La découverte de "Spinosaurus mirabilis" est "la première preuve indiscutable d'une nouvelle espèce de Spinosaurus depuis un siècle", se réjouit l'Université de Chicago, où est professeur le paléontologue Paul Sereno qui a dirigé l'équipe de recherches.
Le "Spinosaurus mirabilis" - du latin "étonnant" - un bipède géant de douze mètres de long, avec une impressionnante épine dorsale, a vécu il y a 95 millions d'années et se distingue des autres Spinosaurus notamment par sa grande crète en forme de cimeterre de 50 cm et son museau plus long et porté plus bas.
Rivalisant en taille avec le célèbre Tyrannosaurus rex, ce Spinosaurus se nourrissait de poissons qu'il capturait dans les nombreuses rivières et forêts qui couvraient alors le Sahara.
"Je pense que c'est un héron infernal", s'amuse Paul Sereno, joint par l'AFP. "Si vous regardez la longueur du crâne, la longueur du cou et la longueur des membres postérieurs, vous êtes du côté du héron".
Cette morphologie, combinée à un habitat loin des côtes, porte un "coup de grâce", selon les chercheurs, à l'hypothèse selon laquelle les Spinosaurus seraient des prédateurs aquatiques.
Comme le héron, "il s'agissait d'un animal qui aurait pu facilement entrer dans l'eau. Mais je ne pense pas que c'était un plongeur, ni un bon nageur", explique M. Sereno.

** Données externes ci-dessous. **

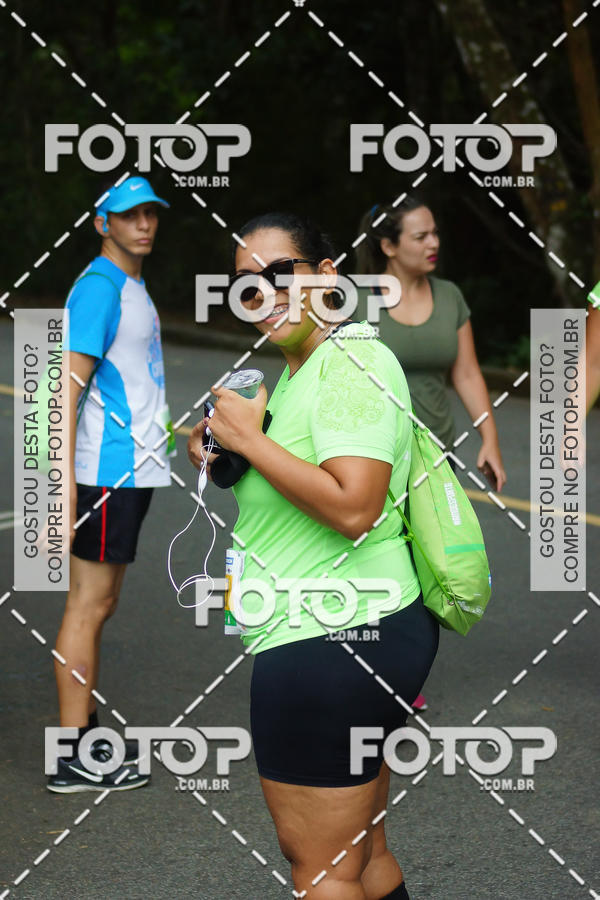 Buy your photos of the eventSubida do Imperador - RJ on Fotop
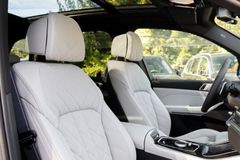 BMW X5 – 14 / 32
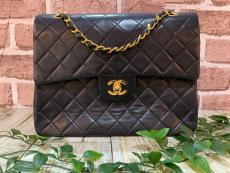 トレファク二俣川店ブログ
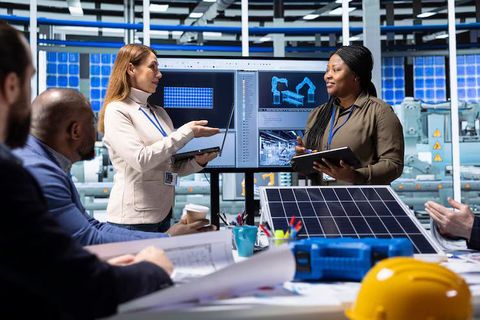 How-to Use Ice Trays: Steps, Techniques, and Helpful Hacks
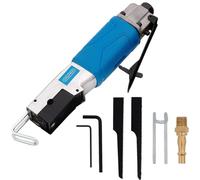 Draper 70833 Air Body Saw each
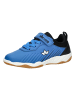 Lico Sportschuh "Calera VS" in Blau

Ses dents imbriquées fonctionnaient comme un "piège" pour les poissons géants qui peuplaient les rivières nigériennes au Crétacé.
- "Site stupéfiant" -
En 2019, Paul Sereno et son équipe partent au Niger sur les traces d'un géologue français, Hugues Faure, décédé en 2003, qui avait découvert dans les années 1950 sur un site nommé Akarazeras, une dent, appartenant probablement au superprédateur Carcharodontosaurus.
"Désormais, on a plusieurs choses que Faure n'aurait pu imaginer même en rêve. Nous avons des coordonnées GPS, des drones, de meilleurs véhicules", note le paléontologue américain.
Mais sur place, après avoir épuisé le site, son équipe ne fait aucune découverte majeure.
Dépités, les chercheurs retournent à leur campement. Quand un Touareg, "habillé d'un long manteau noir", portant "un chèche vert" et une "épée dans le dos", se présente sur une petite moto Honda.
"Il nous dit qu'il connaît un endroit où se trouvent de gros os", raconte Paul Sereno qui décide de le suivre.
"Au bout d'un jour et demi (de route), je me suis dit que nous avions peut-être fait une erreur", se remémore-t-il. "On se demandait même, en plaisantant, si nous étions toujours au Niger".
Mais finalement, c'est la consécration: du sol affleurent "les plus gros os" jamais vus par le paléontologue dans le Sahara, notamment un "fémur de six pieds (1,80m) de long", une mâchoire, des dents et ce qui s'avèrera être la base de la crête.
Après avoir analysé les restes à l'université de Chicago en 2022, Sereno monte une équipe de 100 personnes, accompagnée de 64 gardes nigériens pour fouiller à nouveau ce "site stupéfiant".
Ils exhument un crâne, des fragments des pattes arrières, plusieurs crêtes.
"La crête ne correspondait à rien de connu. Nous avons réalisé que c'était une nouvelle espèce (...) et une découverte qui ferait date", poursuit-il. "C'était extrêmement émouvant, certains d'entre nous en ont pleuré".
"Nous contemplions l'image numérique de notre nouveau dinosaure, bouche bée, sous une tente au beau milieu du Sahara. C'est notre moment Jurassic Park, un de ceux dont on se souvient à vie".